Content starts

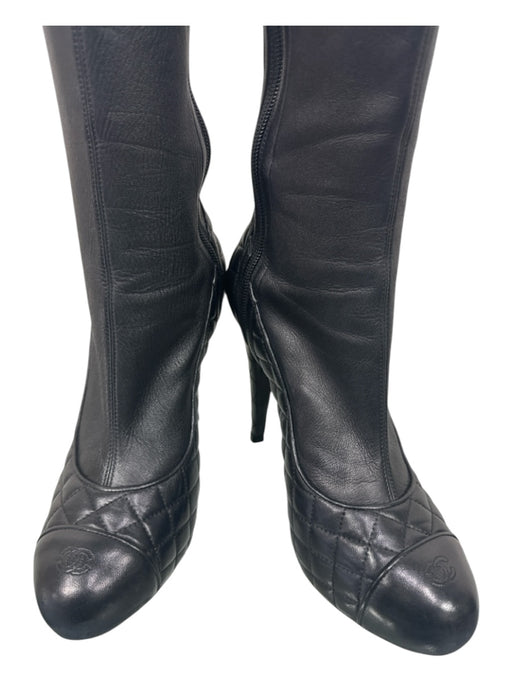 Chanel Shoe Size 39.5 Black Leather Quilted Detail Cap Toe Knee High Heel Boots Black / 39.5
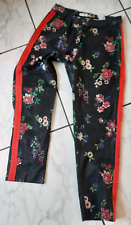 AJC Chinohose Gr. 38 schwarz mit Blumenmuster roter Galanstreifen in Satinoptik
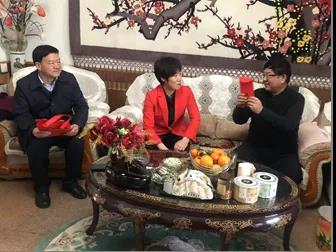 春節(jié)前夕酒泉市國資委領(lǐng)導(dǎo)看望慰問敦煌種業(yè)老干部老黨員、困難職工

Content ends

• Exercise brief: Only the pictures are to be left out; write out all the other data exactly.

• Answer for the task:
 Chanel Shoe Size 39.5 Black Leather Quilted Detail Cap Toe Knee High Heel Boots Black / 39.5
 AJC Chinohose Gr. 38 schwarz mit Blumenmuster roter Galanstreifen in Satinoptik
 春節(jié)前夕酒泉市國資委領(lǐng)導(dǎo)看望慰問敦煌種業(yè)老干部老黨員、困難職工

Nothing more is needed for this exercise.